● **WORK ORDER**
Starting at the line that contains "A small tree", transcribe every remaining line of the data below exactly, and omit all pictures.

(Short descriptive text snippets)

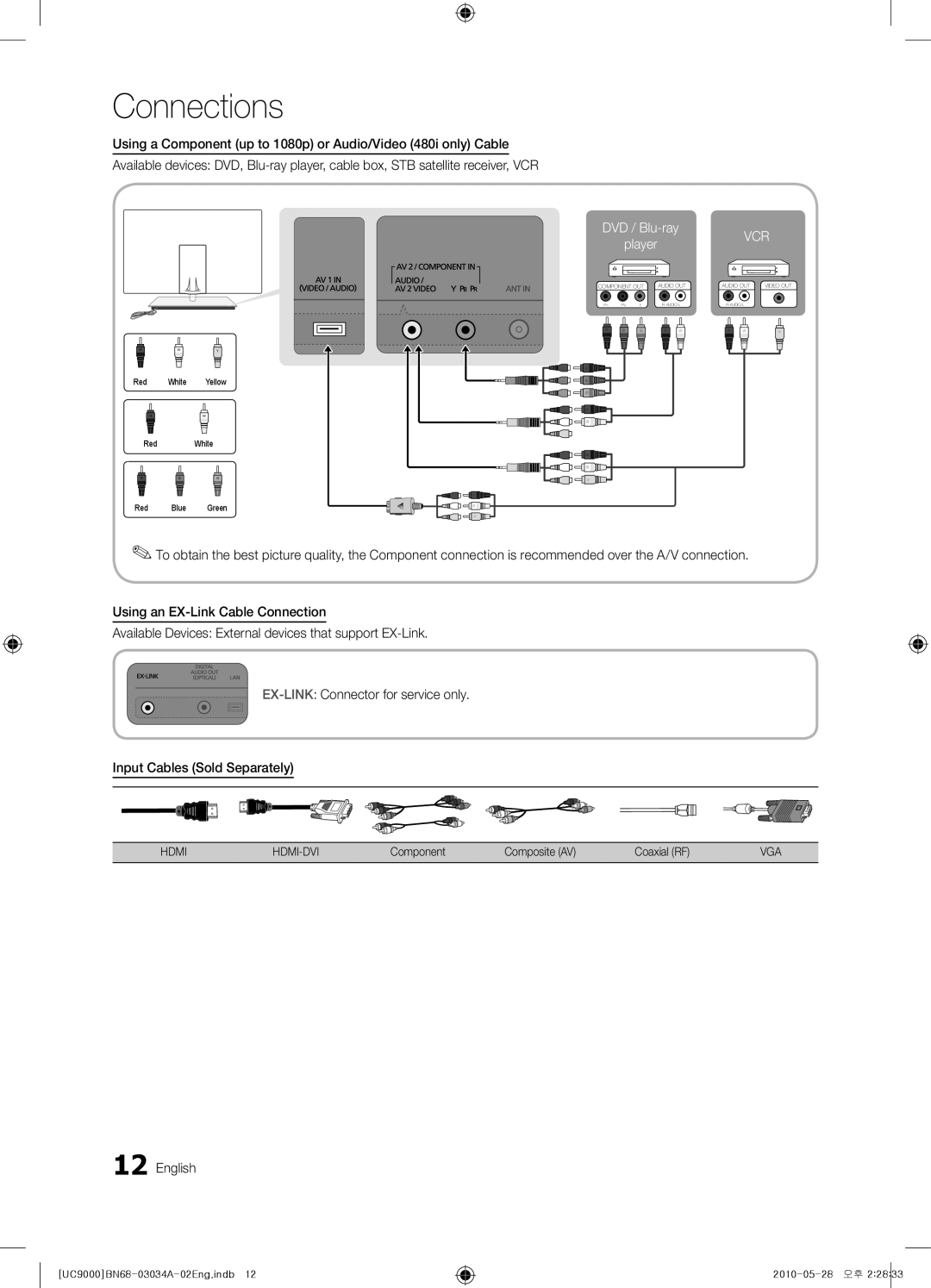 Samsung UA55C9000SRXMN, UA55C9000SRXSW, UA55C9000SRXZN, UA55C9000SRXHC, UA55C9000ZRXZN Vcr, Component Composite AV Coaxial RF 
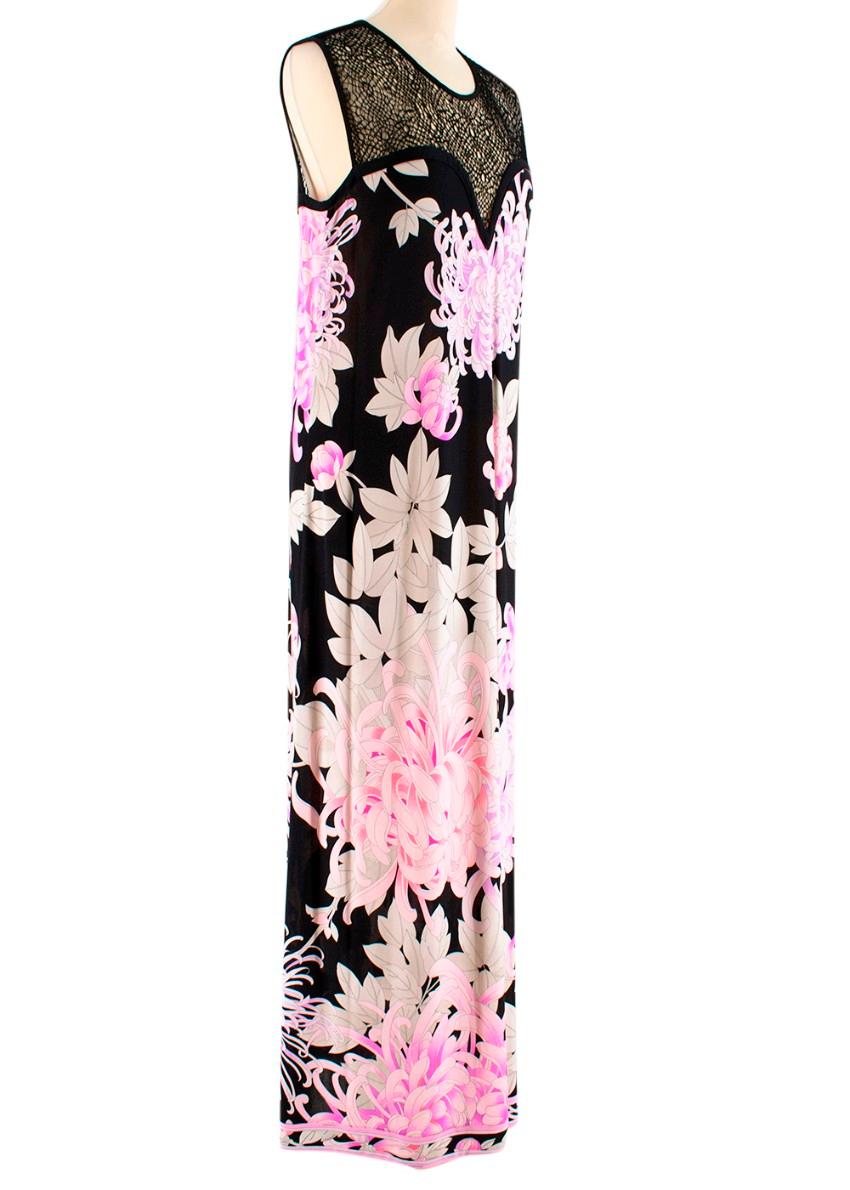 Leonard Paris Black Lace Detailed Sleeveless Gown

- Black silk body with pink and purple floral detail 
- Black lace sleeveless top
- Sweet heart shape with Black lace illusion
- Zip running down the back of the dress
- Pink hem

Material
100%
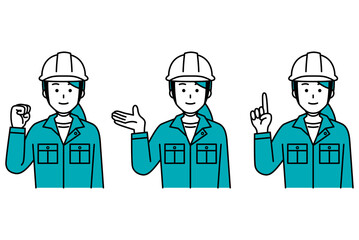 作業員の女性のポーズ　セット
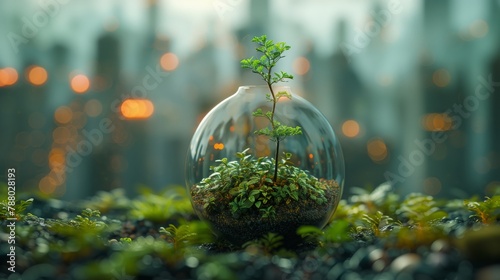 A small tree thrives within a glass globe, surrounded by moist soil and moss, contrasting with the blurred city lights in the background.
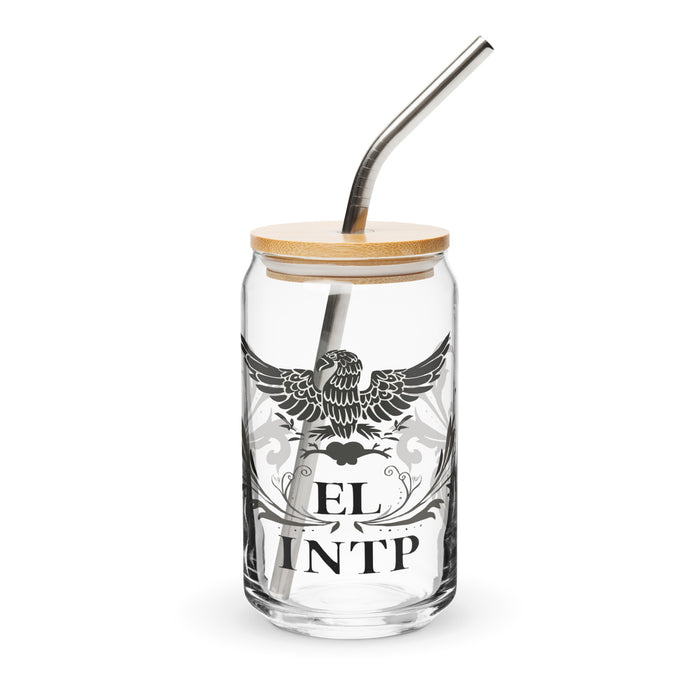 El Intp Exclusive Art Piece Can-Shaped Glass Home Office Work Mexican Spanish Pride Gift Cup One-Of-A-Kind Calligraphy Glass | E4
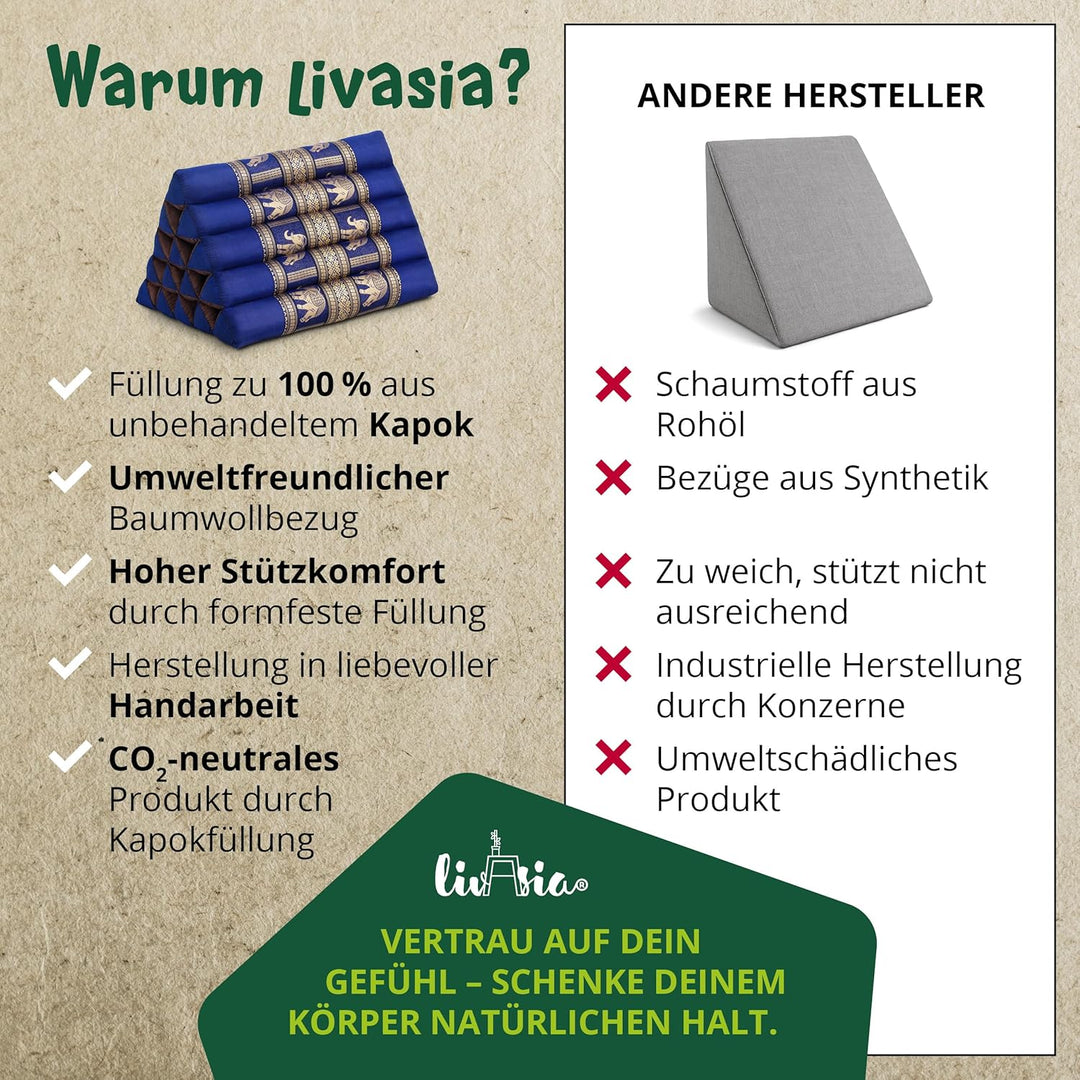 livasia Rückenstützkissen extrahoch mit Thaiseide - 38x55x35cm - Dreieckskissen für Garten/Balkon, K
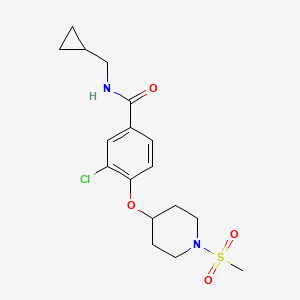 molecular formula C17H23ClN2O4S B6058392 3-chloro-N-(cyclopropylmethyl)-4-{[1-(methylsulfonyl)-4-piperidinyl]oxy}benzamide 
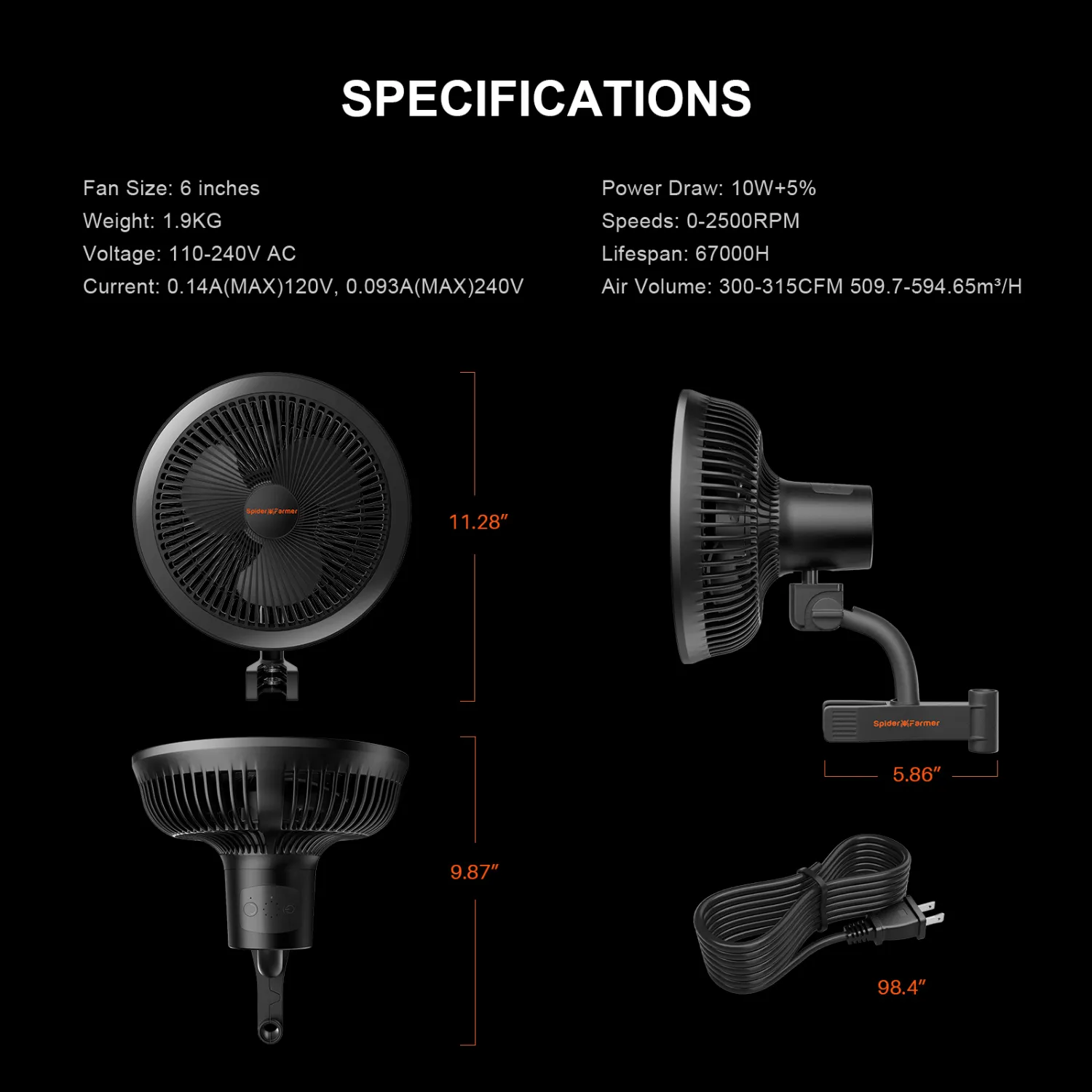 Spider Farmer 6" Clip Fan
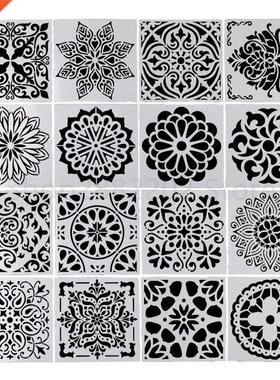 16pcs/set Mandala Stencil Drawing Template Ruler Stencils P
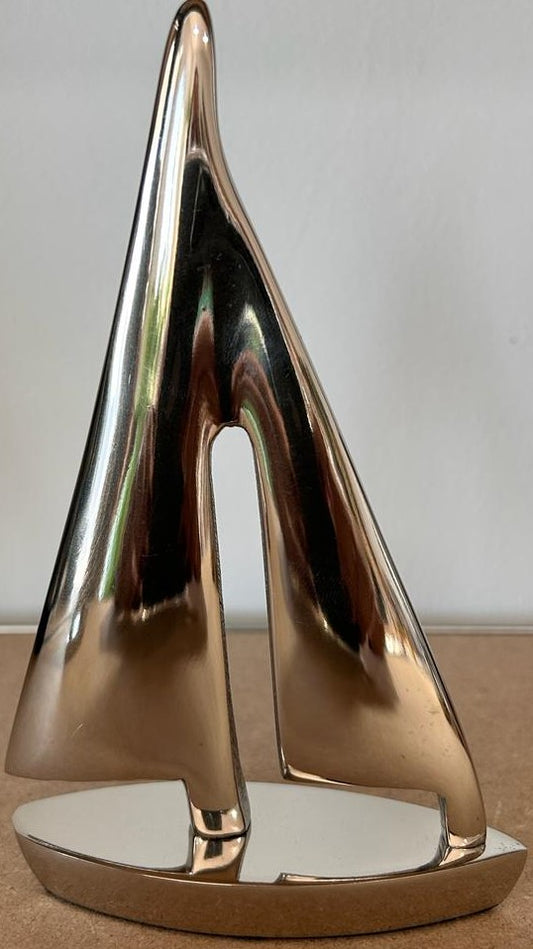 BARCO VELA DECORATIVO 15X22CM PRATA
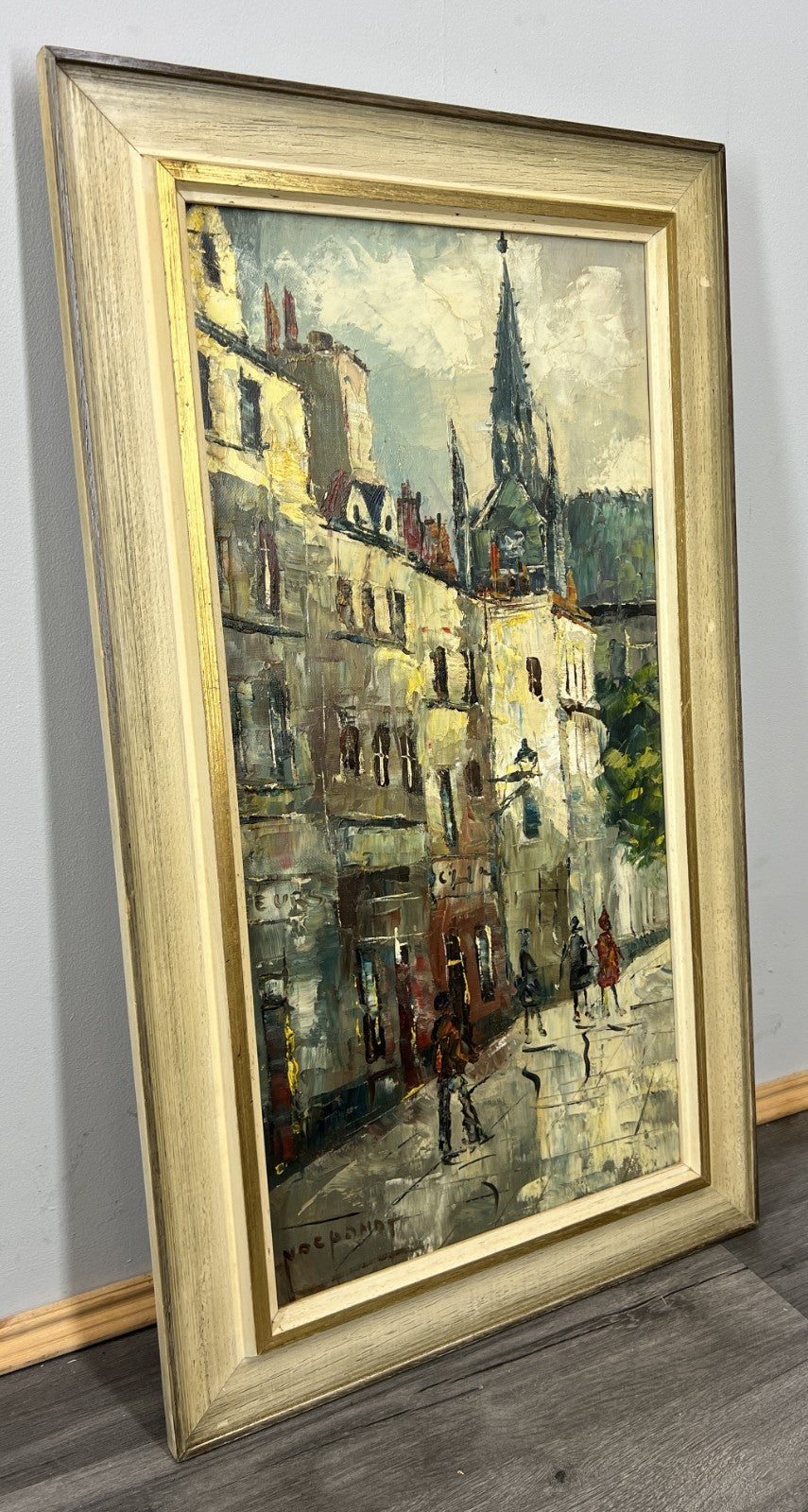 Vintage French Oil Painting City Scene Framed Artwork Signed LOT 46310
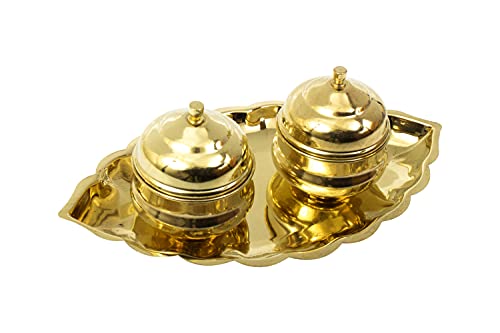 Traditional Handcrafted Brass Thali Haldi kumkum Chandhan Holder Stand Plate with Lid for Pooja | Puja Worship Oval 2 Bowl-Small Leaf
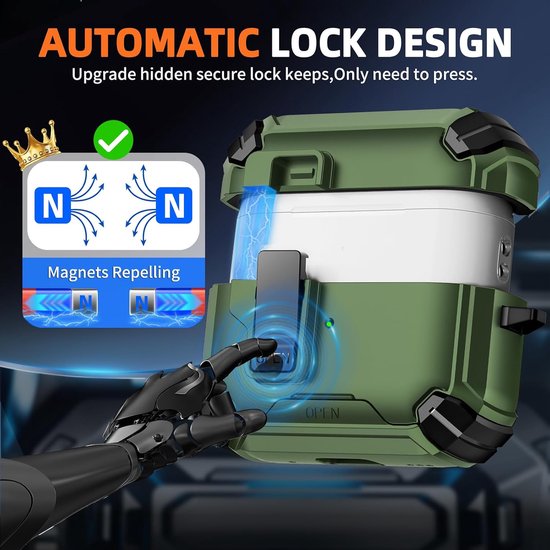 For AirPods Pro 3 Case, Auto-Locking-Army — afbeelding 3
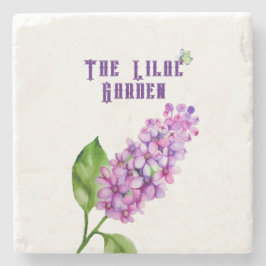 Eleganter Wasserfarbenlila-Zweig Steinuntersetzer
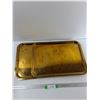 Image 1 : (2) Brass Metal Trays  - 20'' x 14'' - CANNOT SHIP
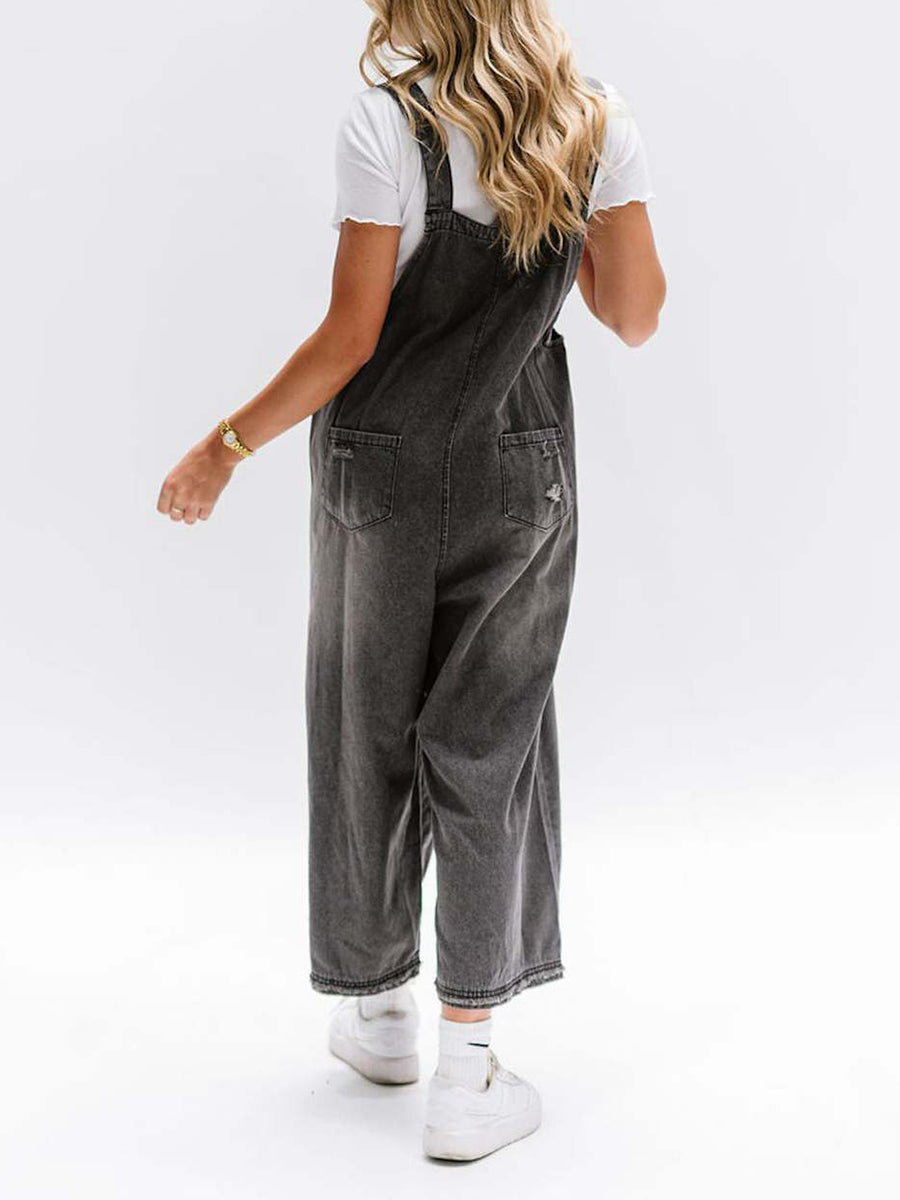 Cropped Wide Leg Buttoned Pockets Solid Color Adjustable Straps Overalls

● **TASK ANSWER**
 A small tree thrives within a glass globe, surrounded by moist soil and moss, contrasting with the blurred city lights in the background.
 El Intp Exclusive Art Piece Can-Shaped Glass Home Office Work Mexican Spanish Pride Gift Cup One-Of-A-Kind Calligraphy Glass | E4
 livasia Rückenstützkissen extrahoch mit Thaiseide - 38x55x35cm - Dreieckskissen für Garten/Balkon, K
 molecular formula C17H23ClN2O4S B6058392 3-chloro-N-(cyclopropylmethyl)-4-{[1-(methylsulfonyl)-4-piperidinyl]oxy}benzamide 
 Spider Farmer 6" Clip Fan
 16pcs/set Mandala Stencil Drawing Template Ruler Stencils P
 BARCO VELA DECORATIVO 15X22CM PRATA
 Vintage French Oil Painting City Scene Framed Artwork Signed LOT 46310
 Traditional Handcrafted Brass Thali Haldi kumkum Chandhan Holder Stand Plate with Lid for Pooja | Puja Worship Oval 2 Bowl-Small Leaf
 For AirPods Pro 3 Case, Auto-Locking-Army — afbeelding 3
 Eleganter Wasserfarbenlila-Zweig Steinuntersetzer
 Image 1 : (2) Brass Metal Trays  - 20'' x 14'' - CANNOT SHIP
 Cropped Wide Leg Buttoned Pockets Solid Color Adjustable Straps Overalls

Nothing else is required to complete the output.